Village in Fars province, Iran

Chaghan (چغان) (Note: Also romanized as Chaghān and Choghān) is a village in, and the capital of, Chaghan Rural District of the Central District (Note: Formerly Juyom District of Larestan County) of Juyom County, Fars province, Iran.

==Demographics==
===Population===
At the time of the 2006 National Census, the village's population was 1,108 in 197 households, when it was in Harm Rural District of Juyom District (Note: Renamed the Central District of Juyom County) in Larestan County. (Note: Formerly Lar County) The following census in 2011 counted 1,209 people in 301 households.
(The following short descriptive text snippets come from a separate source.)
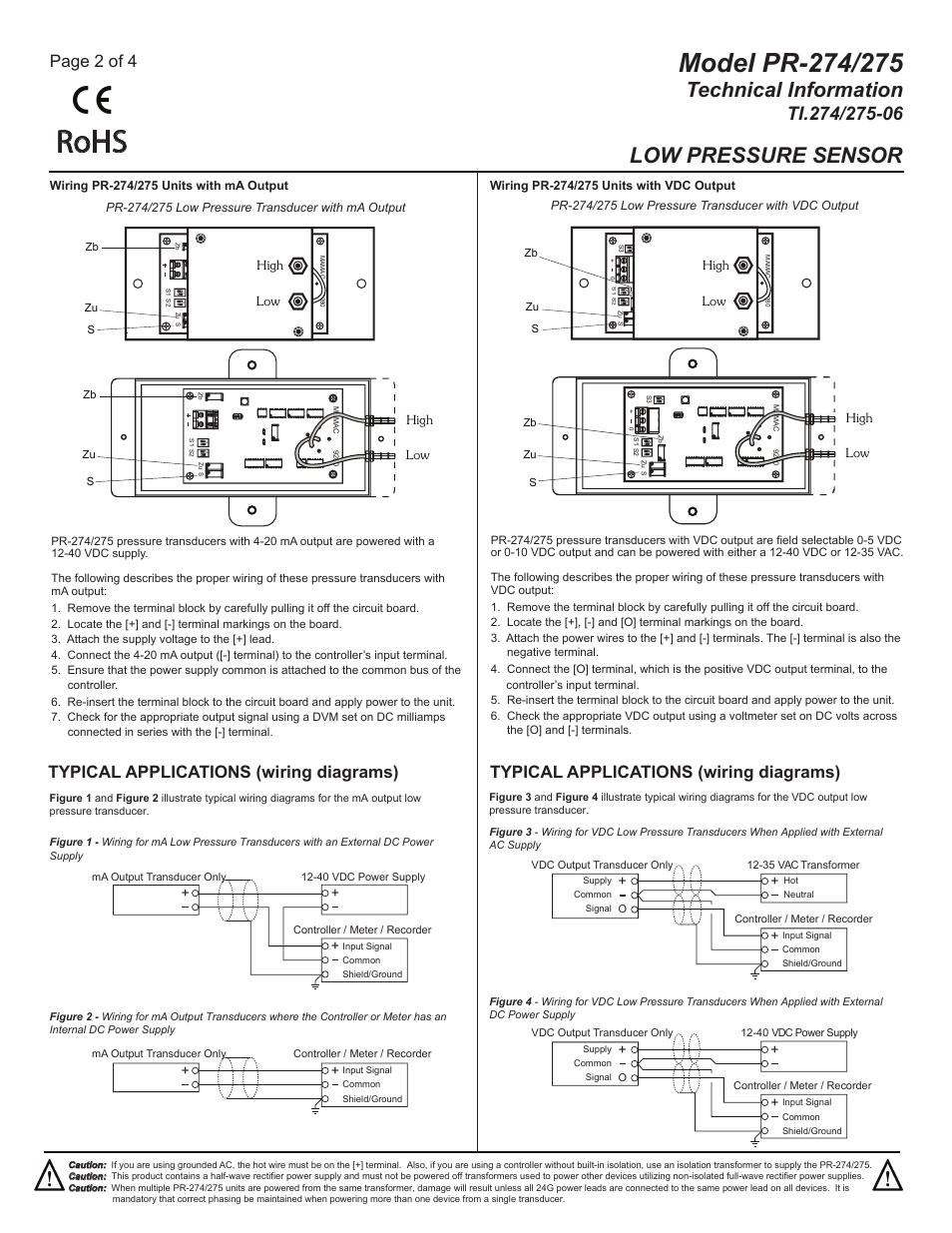 Ti.274.275-06_pg2, Rohs, Technical information | Low pressure sensor, Page 2 of 4, Typical applications (wiring diagrams) | MAMAC Systems PR-275 User Manual | Page 2 / 4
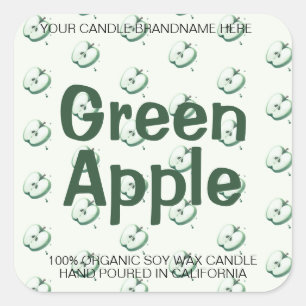 Green Apple Muster Gemustert Soy Candles Labels Quadratischer Aufkleber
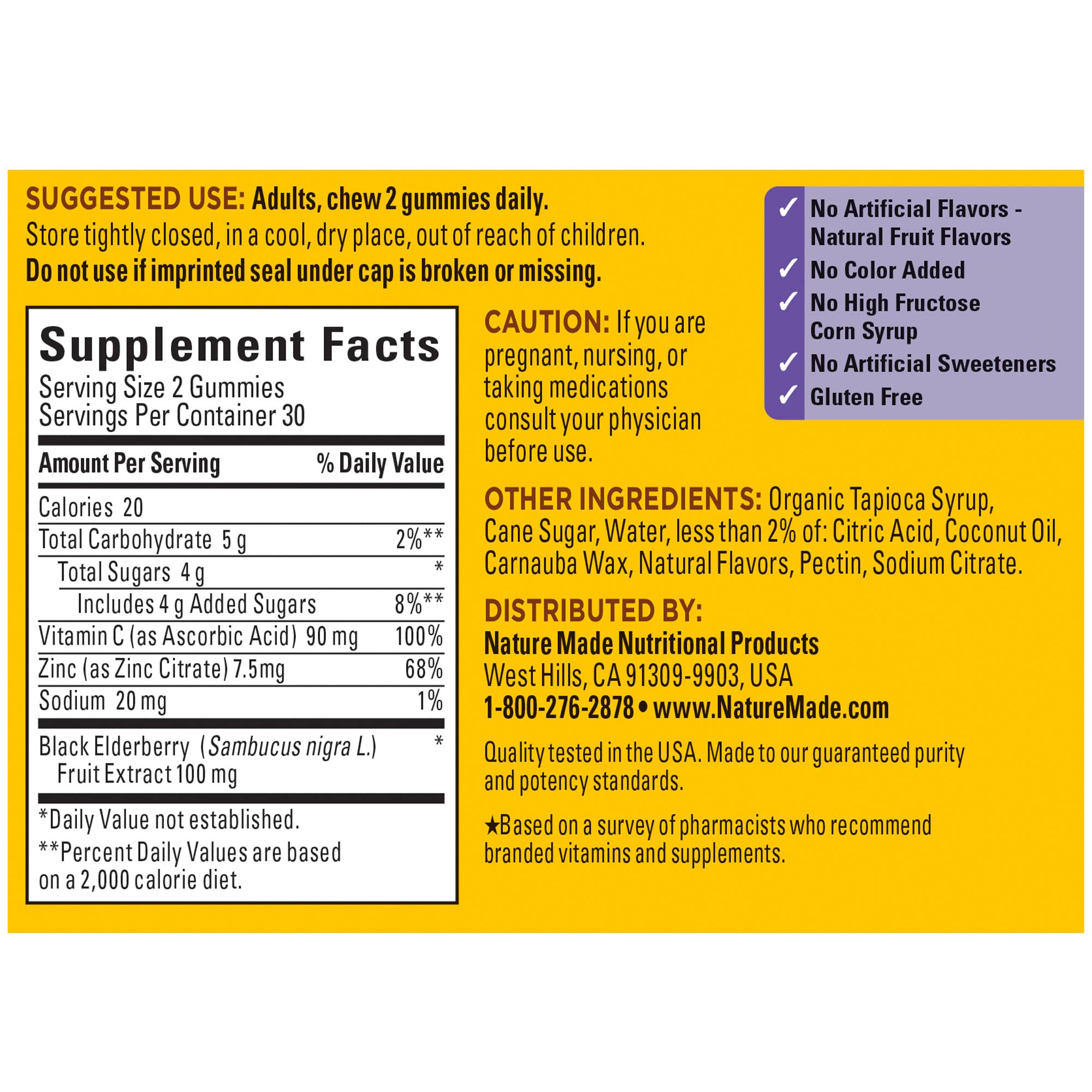 Foto 6 | Complementa La Baya Del Saúco Hecha En La Naturaleza Con Vitamina C Y Zinc, 60 Gomitas - Venta Internacional.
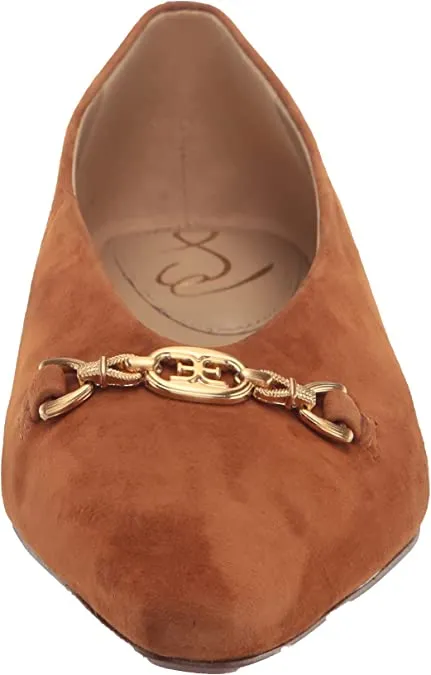 Sam Edelman Jenica Frontier Brown Chain Details Slip On Pointed Toe Dress Flats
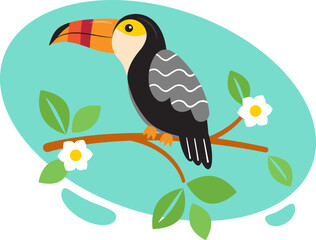Obraz na płótnie Canvas Toucan is an exotic bird with tropical flowers and jungle leaves. Cute cartoon bird. Vector illustration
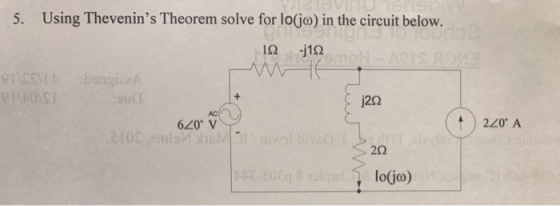Using Thevenins Theorem solve for 5. in the circuit below. 1Ω 9rASS bangia ww j20 AC 2/0 A 210000 hoM ial bive 22 EE-202q8d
The 2016 census measured the population of the village as 1,630 people in 394 households.

After the census, the district was separated from the county in the establishment of Juyom County and renamed the Central District. The rural district was transferred to the new Harm District, and Chaghan was transferred to Chaghan Rural District created in the Central District.